Introduction

SAPHO syndrome is a rare disease that presents a diverse range of clinical features, including chronic inflammatory osteoarticular lesions and dermatological disorders1,2. More than 50 different terminologies have been used to describe the association between osteoarticular and dermatological lesions, resulting in high heterogeneity and posing challenges to diagnosis, management, and research3,4. Bone and joint diseases are significant factors in the development of SAPHO syndrome, displaying varying imaging characteristics during different stages of the disease. Patients may experience pain, stiffness, limited movement, or soft tissue swelling at the affected site5.

Whole-body bone scintigraphy (WBBS) is a highly effective initial method for the systematic evaluation of osteoarticular lesions in SAPHO syndrome. The bullhead sign observed on WBBS is considered a characteristic feature of SAPHO syndrome6. WBBS can detect both symptomatic and asymptomatic lesions and is more sensitive in detecting underlying lesions than computed tomography7. However, the scintigraphic features of SAPHO syndrome are often not specific, making it challenging to differentiate it from other conditions. In particular, bone metastases, i.e., secondary bone tumors (SBT), can present similarly on bone scans with multifocal abnormal radiotracer uptake8. In our experience, many patients with SAPHO syndrome were misdiagnosed with metastatic disease before arriving at the correct diagnosis. This is especially concerning when the providers or radiologists are not familiar with the clinical and imaging manifestations of SAPHO syndrome9. It is of high clinical significance to identify imaging characteristics to assist in the differential diagnosis of SAPHO syndrome and SBT10.

Systematic research on the imaging differential diagnosis between SAPHO syndrome and SBT remains limited, largely due to the low incidence of SAPHO and insufficient clinical awareness. Conventional imaging techniques such as X-ray and CT are valuable in diagnosing osteolytic SBT, as they can effectively demonstrate features like worm‐like bone destruction and soft tissue infiltration. Nonetheless, the sclerotic lesions seen in osteoblastic or mixed SBT are frequently confounded with the bone hypertrophy characteristic of SAPHO syndrome, with both conditions presenting as cortical thickening and medullary cavity stenosis. By contrast, MRI detects bone marrow edema with a sensitivity exceeding 90%, although its specificity is comparatively limited.
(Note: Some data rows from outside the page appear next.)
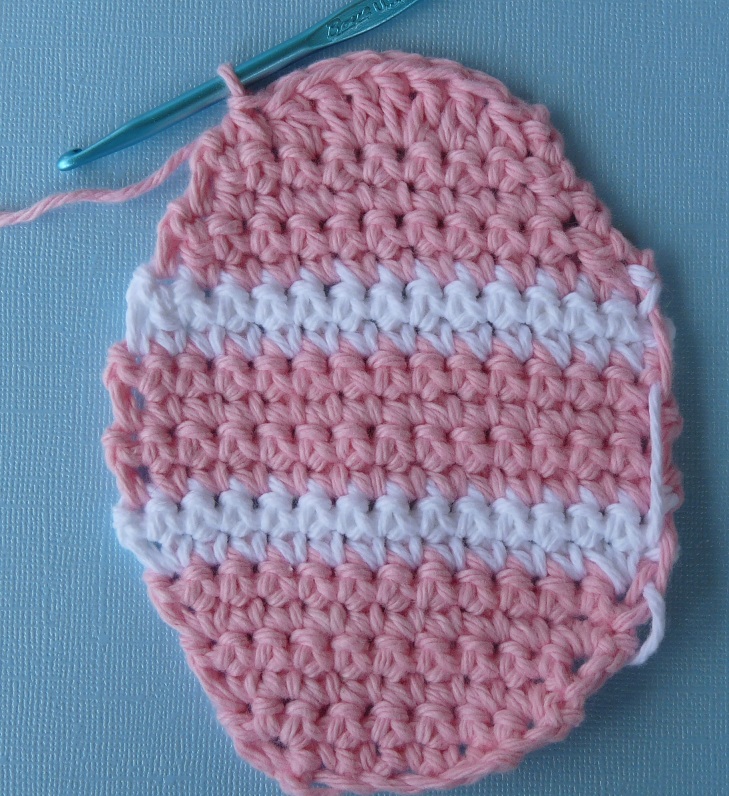 Create Your Own Beautiful Easter Egg Coaster with This Step-by-Step Crochet Guide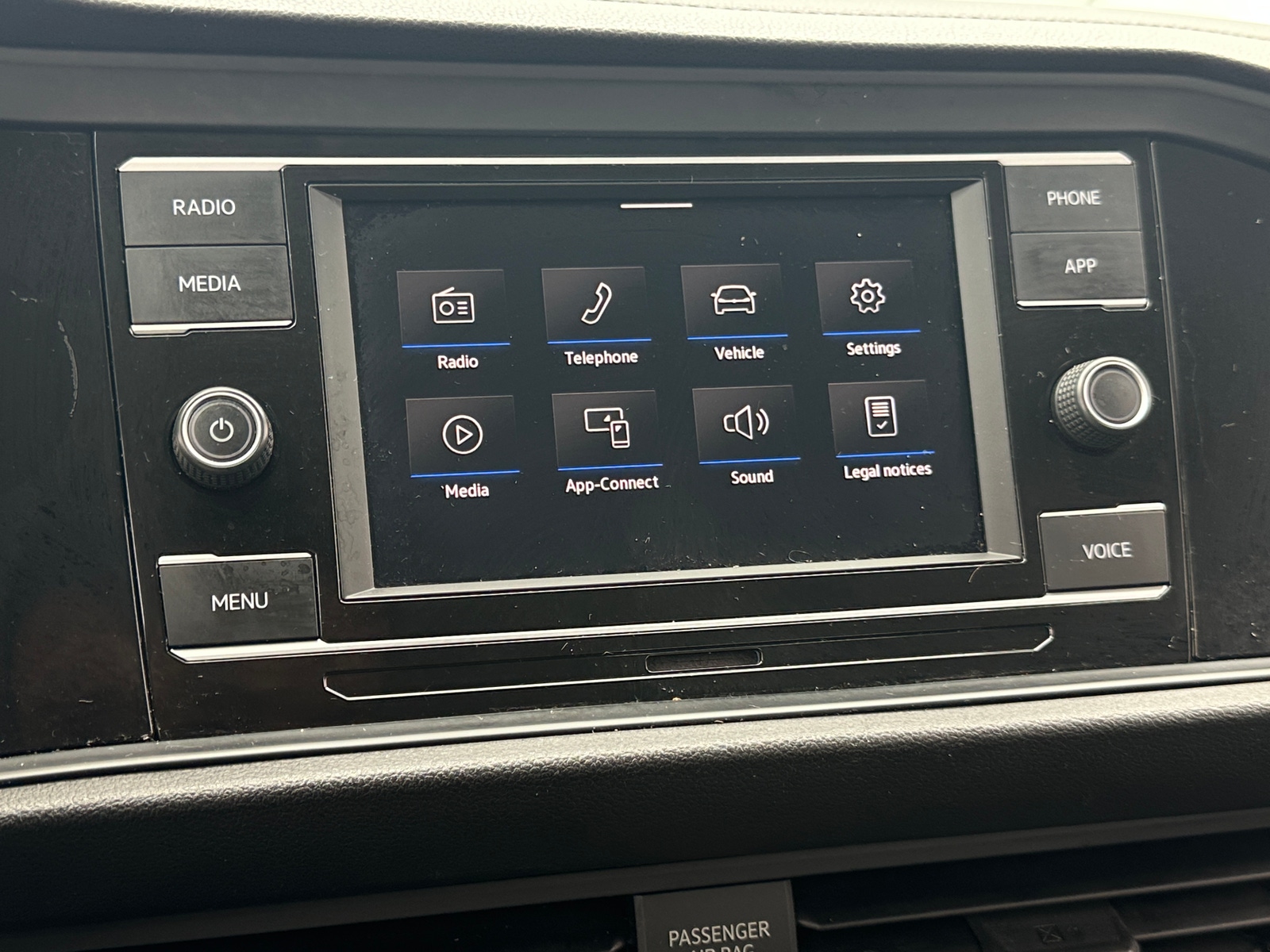 Thumbnail: 2020 Volkswagen Jetta - 4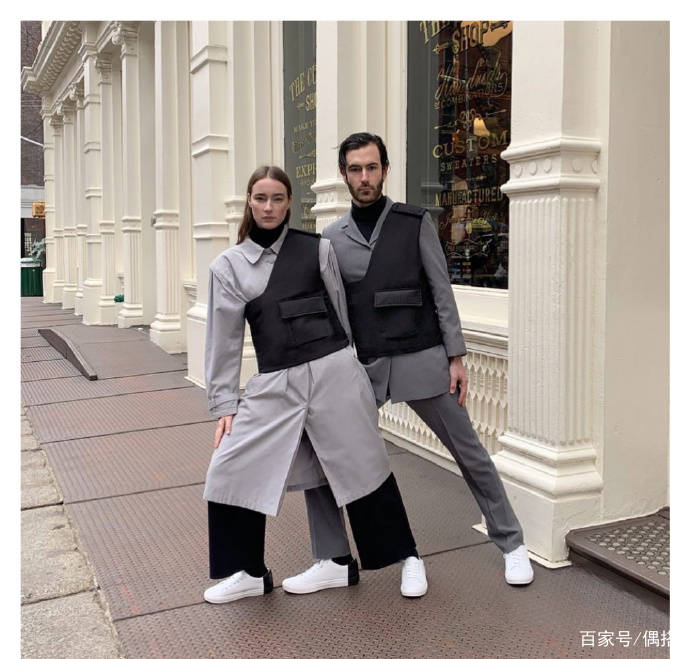 情侣|法国时尚达人，演绎奇特情侣装，高级又时髦，不撞衫系列，稳了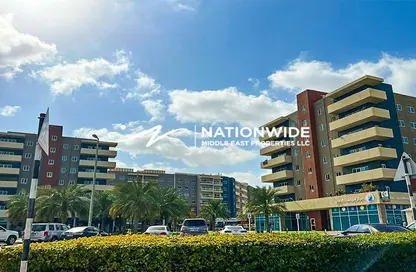 Apartment - 3 Bedrooms - 4 Bathrooms for sale in Tower 11 - Al Reef Downtown - Al Reef - Abu Dhabi
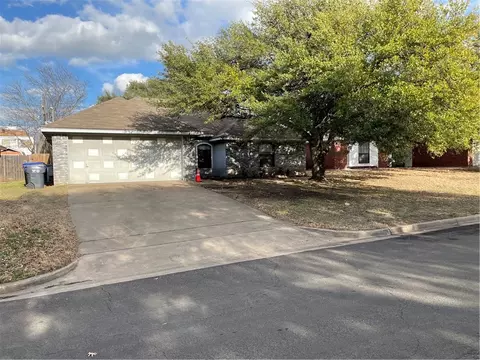 2212 Ramada Dr, Waco, TX 76712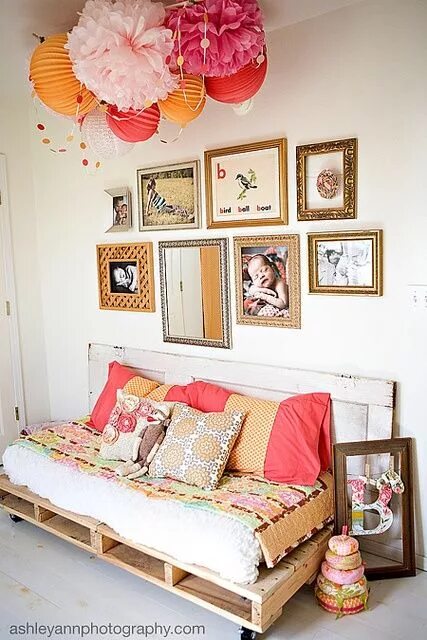 Ремонт комнаты своими руками интересные love the diy pallet bed Diy home decor bedroom, Diy pallet bed, Room decor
In SAPHO syndrome, the bone marrow edema pattern—marked by symmetrical involvement of multiple vertebrae—can overlap with the “skip” distribution observed in metastatic disease, where soft tissue masses are also common, rendering approximately 25% of cases challenging to differentiate. Moreover, positron emission tomography-computed tomography (PET-CT) distinguishes metastases from SAPHO by revealing high FDG uptake in metastatic lesions versus mild or focal uptake in SAPHO; however, PET-CT may yield false negatives in osteoblastic metastases (such as those from prostate cancer), with an overall sensitivity of roughly 70%.

The objective of this research was to identify distinguishing patterns of osteoarticular involvement in SAPHO syndrome and SBT on whole-body bone scintigraphy using machine learning modeling. The analysis was conducted on a large multicenter cohort with a clearly defined population.

Method and materials

Participants

This study retrospectively included 600 patients diagnosed with secondary bone tumors without coexiting rheumatic immune diseases, and 593 patients who met the criteria for SAPHO syndrome proposed by Kahn and Khan11. The patients with SAPHO syndrome were from our dynamic cohort of SAPHO syndrome12,13. These patients came from three hospitals respectively and were divided into two groups. Group 1 consisting of 521 SAPHO and 500 SBT patients from Peking Union Medical College Hospital and Beijing University of Chinese Medicine Fangshan Hospital, was used for model training purposes. Group 2 was used to verify the model's performance, which included 72 SAPHO and 100 SBT patients from Zhejiang Provincial People’s Hospital. Patients who had undergone WBBS using 99mTc-MDP (Technetium-99 m Methylene Diphosphonate) after the onset of the disease were included in this study. The Ethics Committee of the Hospitals approved this study (Number of Ethics documents: ZS-944). All patients gave their written informed consent, following the principles of the Declaration of Helsinki.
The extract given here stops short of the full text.